▸ Exercise description: Below are entries; repeat exactly, and nothing else, the lines from the one holding "Vintage AJC Noah's Ark brooch" through the one holding "Building Photo - 130 Prairie Wind Dr", inclusive. Leave the pictures out.

▸ Data supplied:
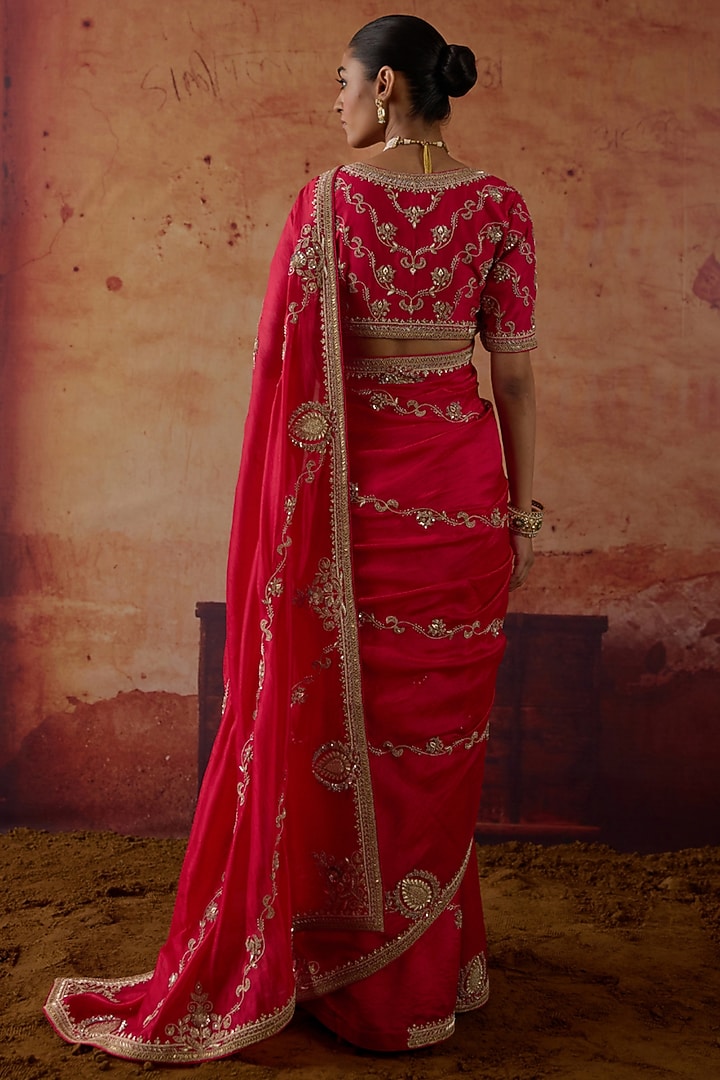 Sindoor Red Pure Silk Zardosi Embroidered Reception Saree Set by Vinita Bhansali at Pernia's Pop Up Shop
* * *
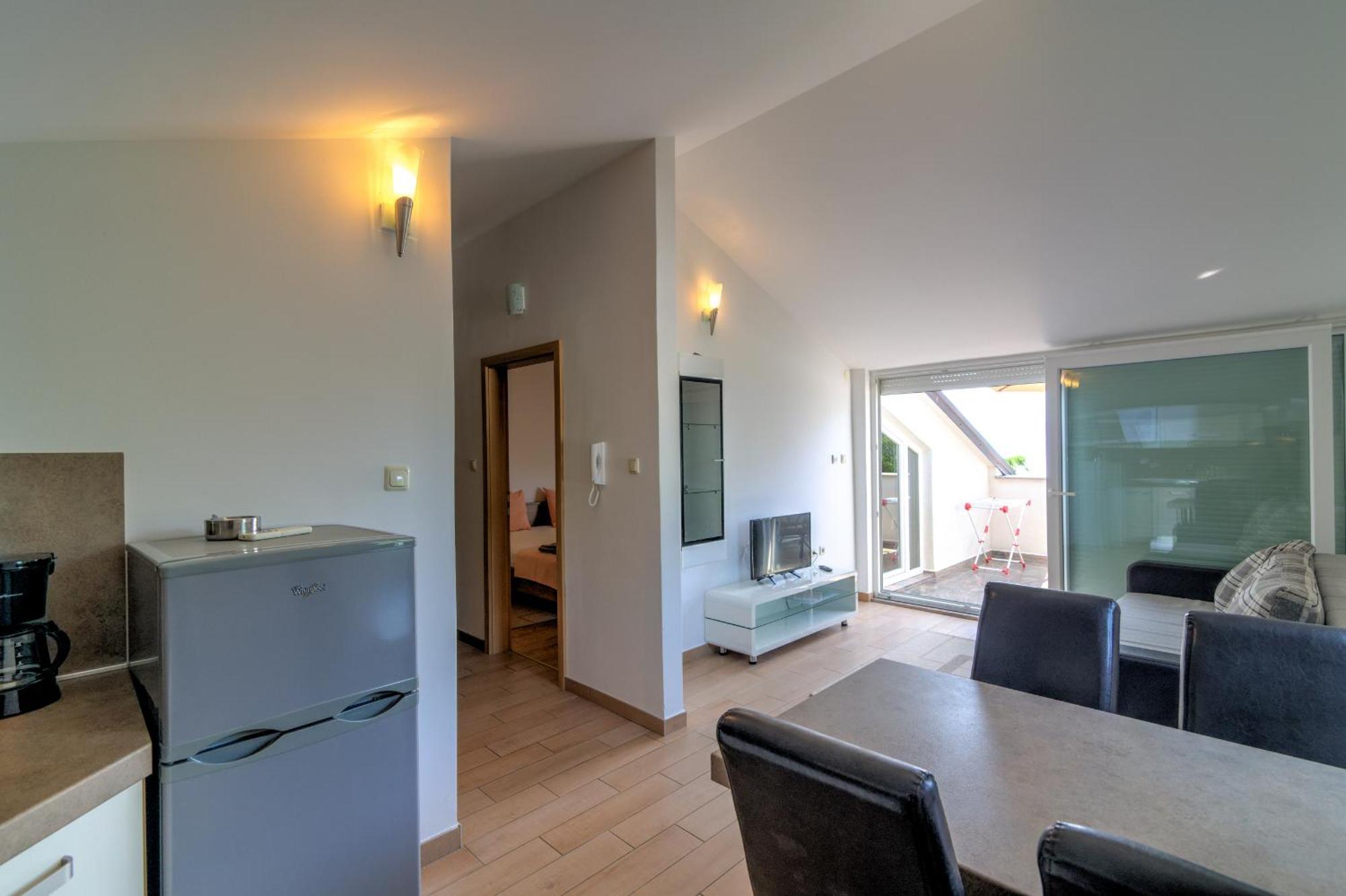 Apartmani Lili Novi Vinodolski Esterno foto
...
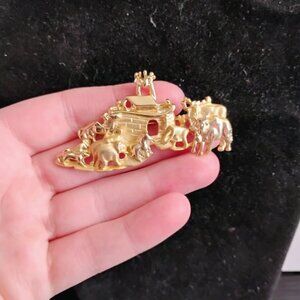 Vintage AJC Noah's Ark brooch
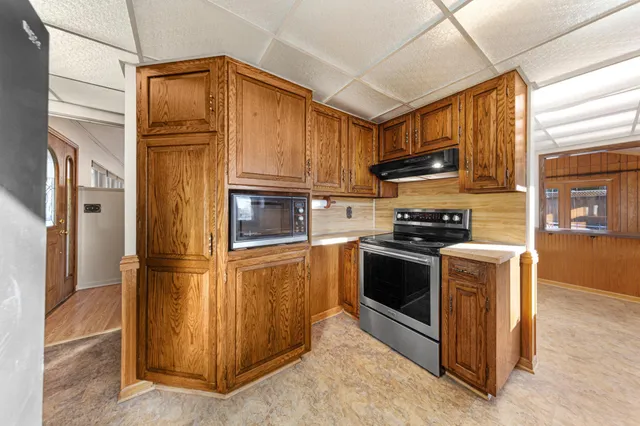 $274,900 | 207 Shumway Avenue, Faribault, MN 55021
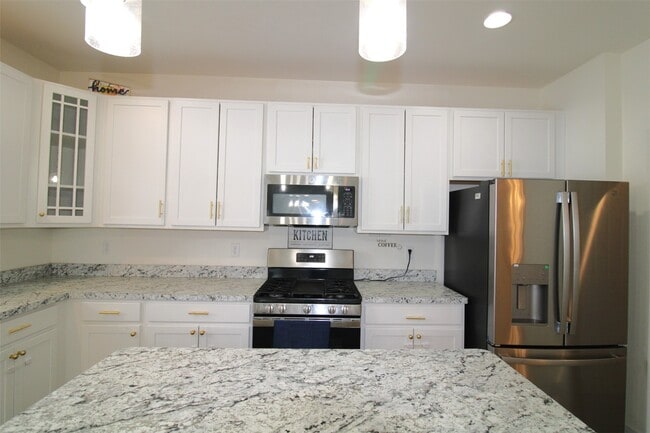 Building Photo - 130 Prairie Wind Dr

▸ Result below:
 Vintage AJC Noah's Ark brooch
 $274,900 | 207 Shumway Avenue, Faribault, MN 55021
 Building Photo - 130 Prairie Wind Dr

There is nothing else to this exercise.